Karbon Ekonomisinin Yükselişi: Finansallaşma Sürecinin Gayrimenkul Sektörüne Etkileri
Şu kitabın bölümü:
Ok Ergün,
H.
(ed.)
2025.
Finans ve Çevre Etkileşimi Üzerine Güncel Araştırmalar.
Özet
Küresel iklim rejiminin piyasa temelli politikalara yönelmesiyle karbon fiyatlaması; karbon vergileri, emisyon ticaret sistemleri ve karbon kredileri aracılığıyla ekonomik karar alma süreçlerinin merkezine yerleşmiştir. Gayrimenkul sektöründe ise operasyonel ve gömülü karbon, bina yaşam döngüsü maliyetini ve varlık değerini belirleyici unsurlar hâline gelmiştir. Bu bağlamda sürdürülebilir binaların “yeşil prim”, karbon yoğun yapıların ise “kahverengi iskonto” oluşturduğu; enerji verimliliği uygulamaları, düşük karbonlu malzeme kullanımı ve sertifikasyonların yatırımcı talebi ve finansman koşulları üzerinde doğrudan etkili olduğu görülmektedir. Uluslararası finans kuruluşlarının yeşil bina programları ve dayanıklılık endeksleri, karbonun ölçülmesi ve raporlanması için standart bir çerçeve sunarak yatırım kararlarını desteklemektedir. Çalışma kapsamında karbon piyasalarının finansal araçlarla entegrasyonu ele alınarak gayrimenkul sektörü ile olan ilişkisi ve Türkiye için öneriler ortaya konulmaya çalışılmıştır. 2025 tarihli İklim Kanunu ile ulusal Emisyon Ticaret Sistemi’nin kurulması, inşaat sektörü başta olmak üzere karbon yoğun girdilerin maliyet yapısını dönüştürecek bir mekanizma olarak değerlendirilmektedir.

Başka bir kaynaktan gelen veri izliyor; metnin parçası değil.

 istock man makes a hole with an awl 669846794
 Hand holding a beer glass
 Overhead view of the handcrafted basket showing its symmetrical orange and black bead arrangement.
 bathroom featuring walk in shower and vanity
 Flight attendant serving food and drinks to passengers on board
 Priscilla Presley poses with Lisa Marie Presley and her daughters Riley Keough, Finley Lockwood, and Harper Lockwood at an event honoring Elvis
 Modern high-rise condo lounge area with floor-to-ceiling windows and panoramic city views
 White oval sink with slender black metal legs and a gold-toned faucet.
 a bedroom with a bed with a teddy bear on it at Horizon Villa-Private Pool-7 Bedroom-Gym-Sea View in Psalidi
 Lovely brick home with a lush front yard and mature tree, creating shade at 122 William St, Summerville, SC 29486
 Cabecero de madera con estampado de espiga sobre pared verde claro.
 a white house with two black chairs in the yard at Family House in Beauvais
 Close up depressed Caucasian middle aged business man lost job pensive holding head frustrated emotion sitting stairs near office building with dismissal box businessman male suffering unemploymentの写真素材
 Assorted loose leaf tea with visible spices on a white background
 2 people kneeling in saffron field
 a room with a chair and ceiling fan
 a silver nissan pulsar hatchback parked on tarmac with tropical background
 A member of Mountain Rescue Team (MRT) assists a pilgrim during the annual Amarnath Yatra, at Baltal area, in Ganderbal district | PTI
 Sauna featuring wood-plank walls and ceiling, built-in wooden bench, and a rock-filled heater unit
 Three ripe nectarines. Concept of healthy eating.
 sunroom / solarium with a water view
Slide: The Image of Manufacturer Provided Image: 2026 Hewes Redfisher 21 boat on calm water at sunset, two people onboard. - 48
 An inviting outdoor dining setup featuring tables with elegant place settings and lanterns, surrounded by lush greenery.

Gömülü karbon maliyetinin artan görünürlüğü; yaşam döngüsü değerlendirmesi, karbon ayak izi ölçümü ve yeşil finansman araçlarını gayrimenkul geliştirme süreçlerinin zorunlu unsurları hâline getirmektedir. Bu dönüşüm, iklim hedefleriyle uyumlu bir piyasa yapısı oluşturulabilmesi için politika tasarımının yeniden şekillendirilmesini gerektirirken kamu otoriteleri ve sektördeki şirketler açısından yeni yükümlülükler, maliyet dinamikleri ve stratejik uyum gereklilikleri doğurmaktadır.